[WHAT TO DO]:
Copy exactly, beginning with the line holding "It's important to" and ending with the final line of the data beneath this task; copy nothing else, and leave out every picture.

(Data extracted from a collection)
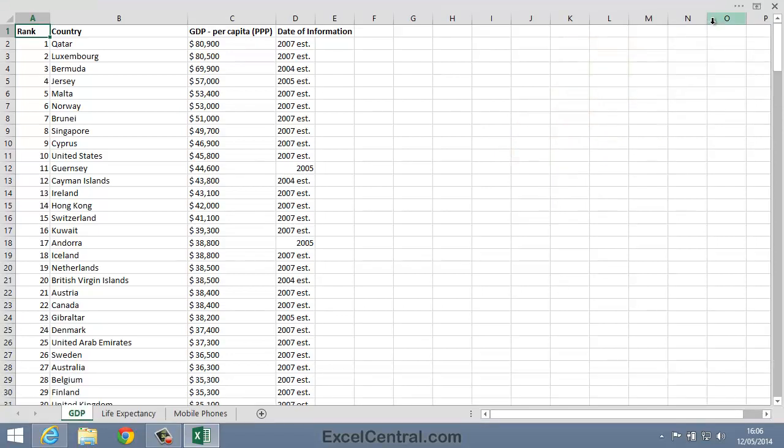This time, both the Ribbon and Ribbon Tabs disappear. The worksheet itself fills the entire screen. This is called Full Screen View.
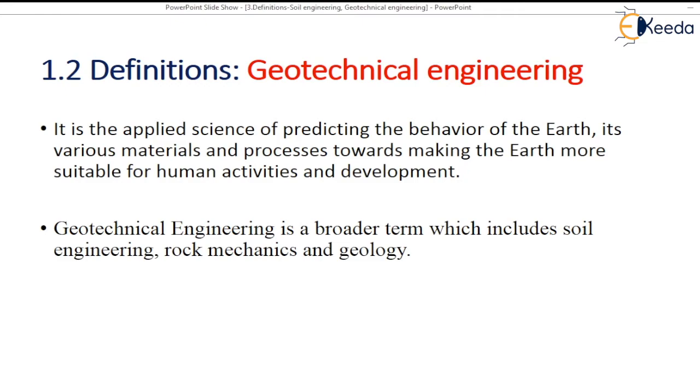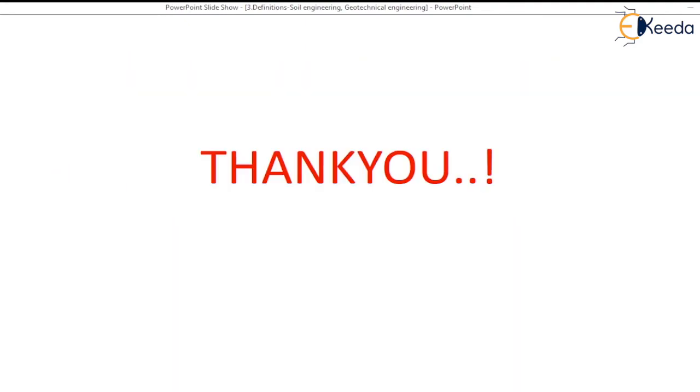In a broader term, Geotechnical Engineering also includes soil engineering, rock mechanics and geology. Thank you.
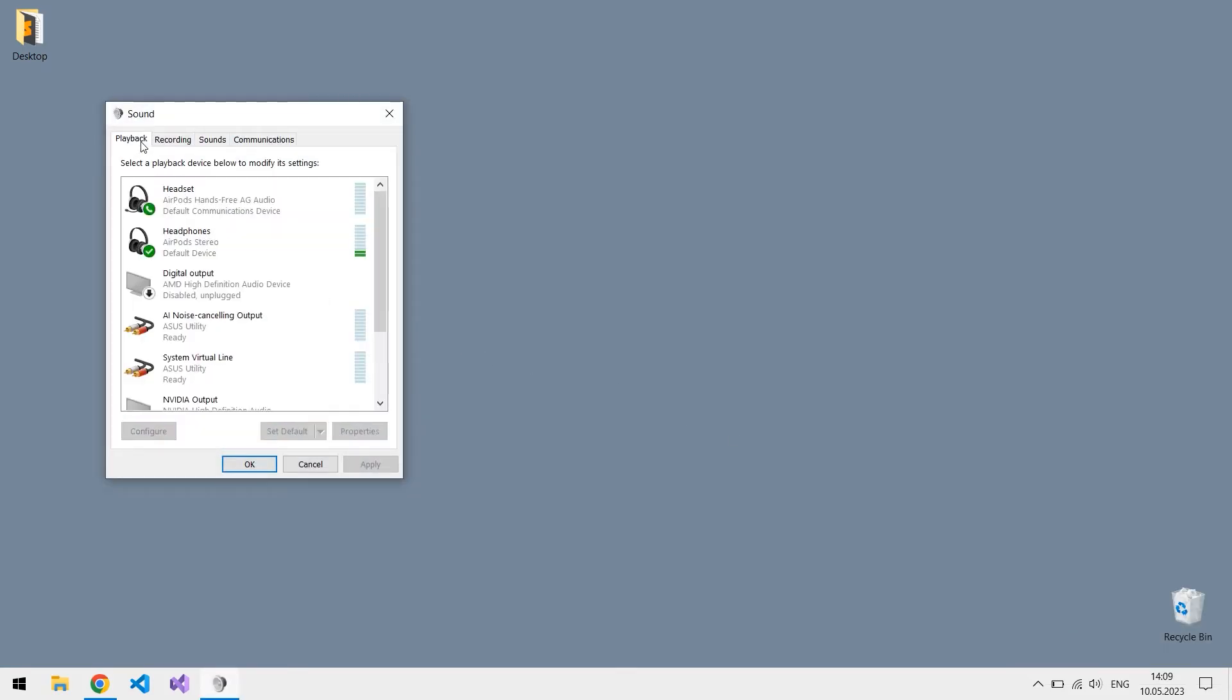Open playback. Here you will see two devices related to your AirPods. By default, AirPods stereo headphones are selected as a default device, but this is exactly what doesn't let your microphone work.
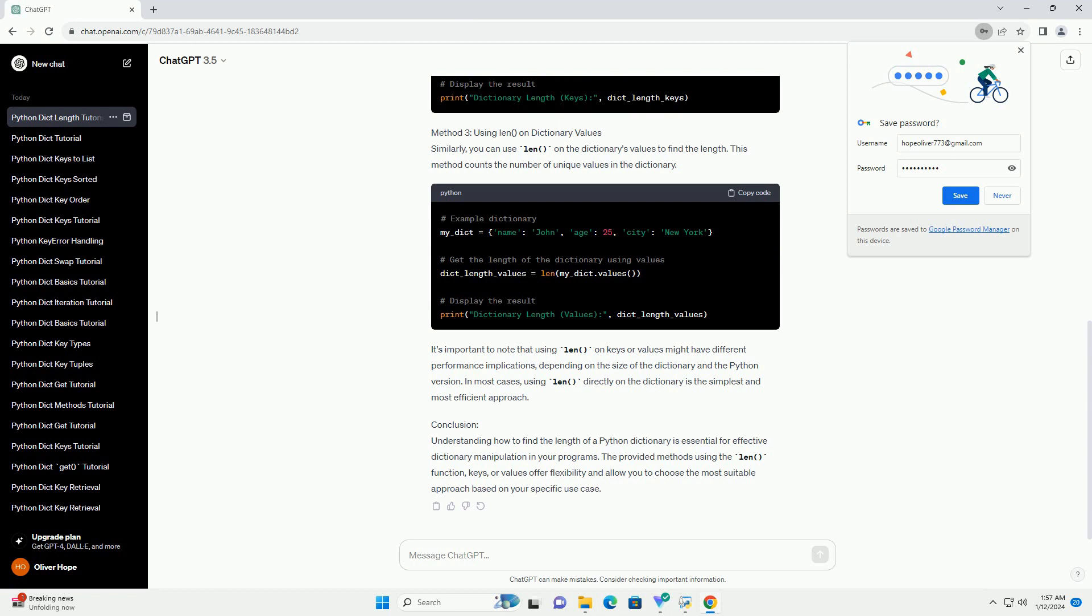It's important to note that using len() on keys or values might have different performance implications, depending on the size of the dictionary and the Python version. In most cases, using len() directly on the dictionary is the simplest and most efficient approach.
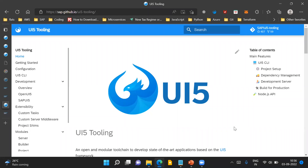Hello and welcome to the video. In this video, we'll try and understand an overview of UI5 tooling — what purpose it serves and how it helps us develop SAPUI5 applications. We'll also see how we can set up a SAPUI5 application to use UI5 tooling and how we can run a SAPUI5 application locally on our machine using UI5 tooling.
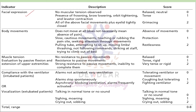First is facial expression. If no muscular tension is observed, the patient looks relaxed or neutral — score is 0. If the patient shows frowning, brow lowering, orbit tightening, or levator contraction, the patient looks tensed — score is 1. If all the above facial movements occur plus eyelids are tightly closed, that indicates grimacing — score is 2.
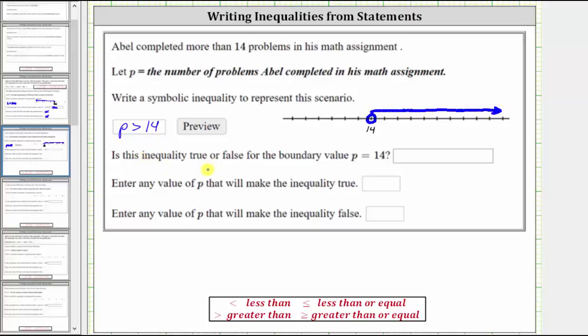Is the inequality true or false for the boundary value of P equals 14? In this case, P equals 14 makes the inequality false because 14 is not greater than 14.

[TASK ANSWER]:
It's important to note that using len() on keys or values might have different performance implications, depending on the size of the dictionary and the Python version. In most cases, using len() directly on the dictionary is the simplest and most efficient approach.
Hello and welcome to the video. In this video, we'll try and understand an overview of UI5 tooling — what purpose it serves and how it helps us develop SAPUI5 applications. We'll also see how we can set up a SAPUI5 application to use UI5 tooling and how we can run a SAPUI5 application locally on our machine using UI5 tooling.
First is facial expression. If no muscular tension is observed, the patient looks relaxed or neutral — score is 0. If the patient shows frowning, brow lowering, orbit tightening, or levator contraction, the patient looks tensed — score is 1. If all the above facial movements occur plus eyelids are tightly closed, that indicates grimacing — score is 2.
Is the inequality true or false for the boundary value of P equals 14? In this case, P equals 14 makes the inequality false because 14 is not greater than 14.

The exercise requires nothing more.